◆ **Your task**: Before you write out the listing, remove the pictures; everything else stays exactly as it is.

◆ **Exercise data**:
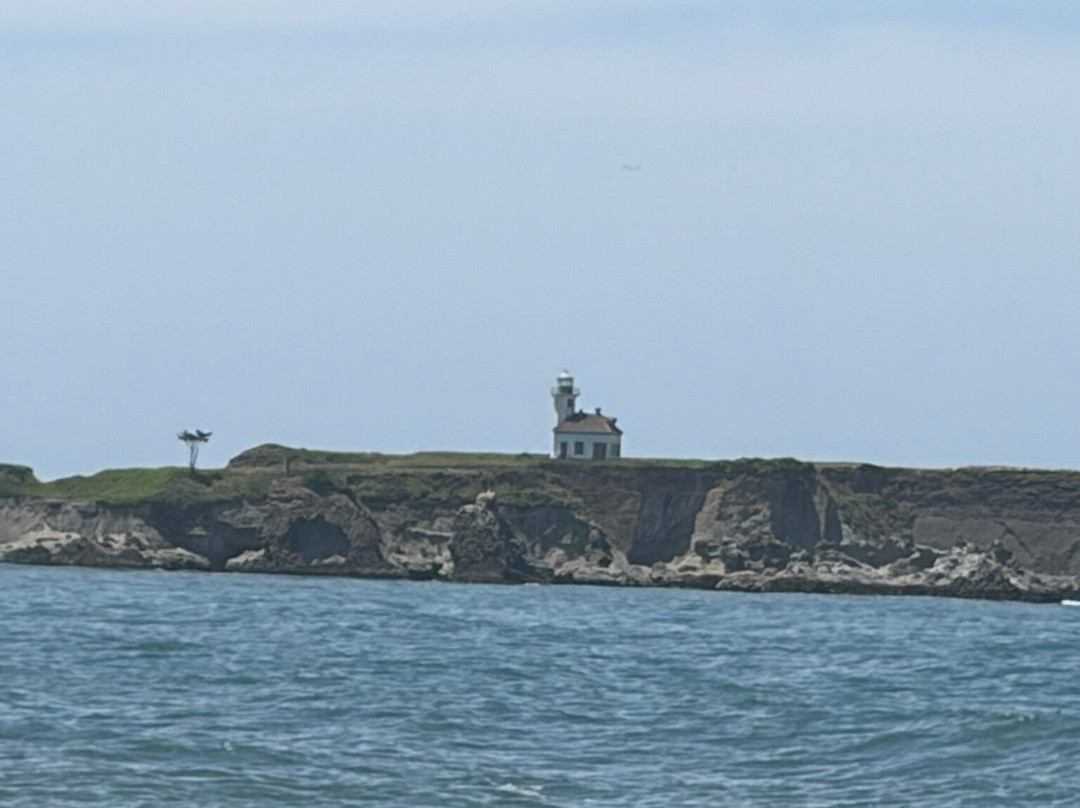 Cape Arago Lighthouse-Charleston必去景点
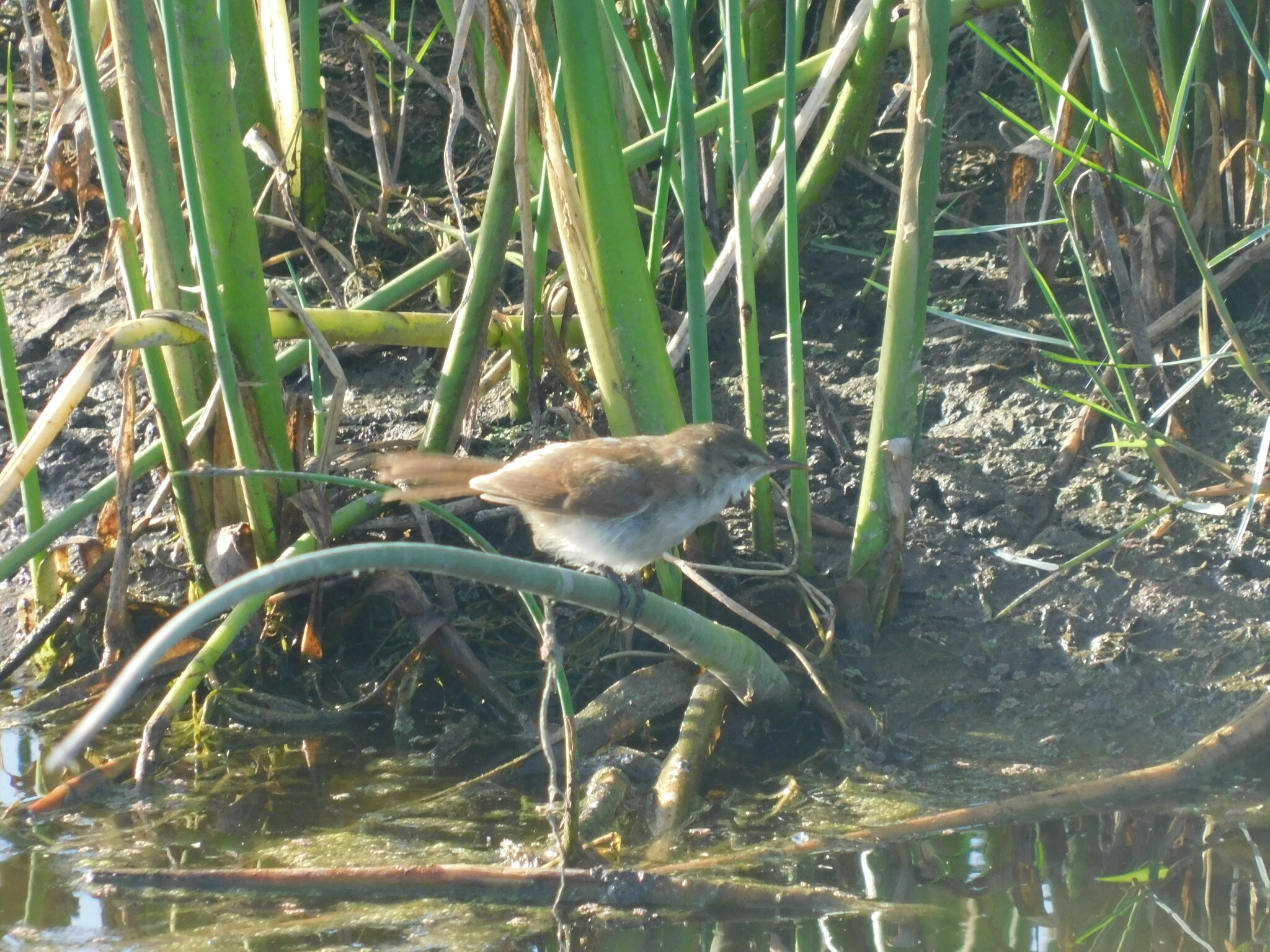 Lesser Swamp Warbler (Acrocephalus gracilirostris), photo 3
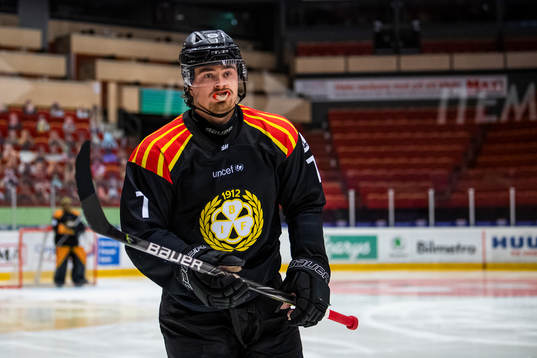 Brynäs Marcus Björk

◆ **Problem solution**:
 Cape Arago Lighthouse-Charleston必去景点
 Lesser Swamp Warbler (Acrocephalus gracilirostris), photo 3
 Brynäs Marcus Björk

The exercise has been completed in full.